The importance of a fast-loading website
Websites are omnipresent.
In fact today, on average, you’ll visit at least five.
Maybe you’re on the hunt for answers. Or a new outfit.
Whatever it is, websites provide an invaluable service for well, everything.
But have you ever considered website load speeds?
I’m sure you would have. In your own searches.
You randomly or deliberately come across a site, and it takes a little long to load.
It’s clunky.
It’s…..a….bit….slow.
And, you’re out.
Well you’d be the least bit surprised to know that you’re not alone.
And that’s the problem. We want everything immediately.
Because we have ten other tabs or twenty other distractions vying for our attention.
It’s just the world we live in now.
And Google knows it too. Because their bots, like us humans, want a website that loads in the often impulsive time it takes to find ourselves on a random site.
The need for speed
Patience is a virtue seldom afforded to those online. Any friction. Any frustration. And we will leave that cart quicker than you can say “why is this taking so ducking long!” Which would probably be followed by “How annoying is autocorrect!”.
According to Google, 53% of mobile users abandon a website that takes longer than 3 seconds to load. Essentially, if your website takes more than 3 seconds to load, more than half of your potential customers may leave without even viewing your content. So the faster you are, the longer those customers of yours will hang around.
A better user experience
Fast loading websites also just improve the overall user experience. A study by Akamai found that 79% of people who experience poor website performance are less likely to return to the website. A slow website can also negatively impact the brand experience a customer has, because their interaction with the brand is a bit rubbish; if it can’t get this right… well, what does that say about everything else?
Search engine ranking
How well you perform – so to speak – gets very noticed by Google. And any search engine. Because they notice those high bounce rates of slow-loading sites. So naturally, they punish you. And put you down the pecking order. Even before they see bounce rates they punish you, because search engines include page load speed within their algorithms when rendering search results, making it a primary ranking factor. So if you want to be at the top, you need to show up, quick.
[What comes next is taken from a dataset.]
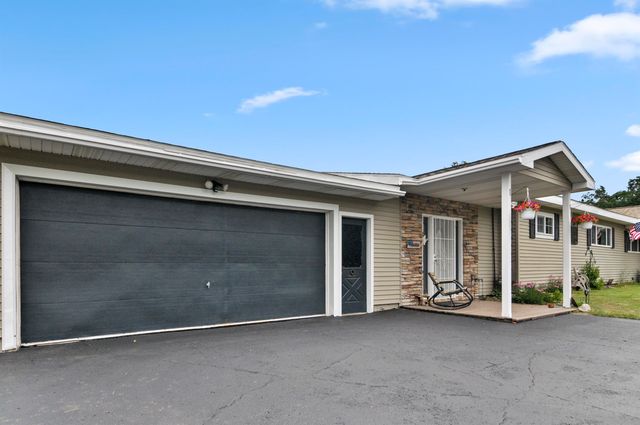 18116 205th Avenue, Big Rapids, MI 49307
How to measure your websites’ performance
1. Visit PageSpeed Insights by Google
2. Enter your URL and hit Analyse
3. Check your Core Web Vitals assessment and Performance scores
Improving website speed
One of the biggest contributors to a slow-loading website is media such as video and images. Optimising these will significantly improve page speed.
Other areas to look at are minimising the use of external scripts and utilising a content delivery network (CDN) which can help by distributing content to multiple servers worldwide, reducing the distance and time required for data to travel.
Or, you can just come and talk to us at Windsorborn.
We can of course, help optimise.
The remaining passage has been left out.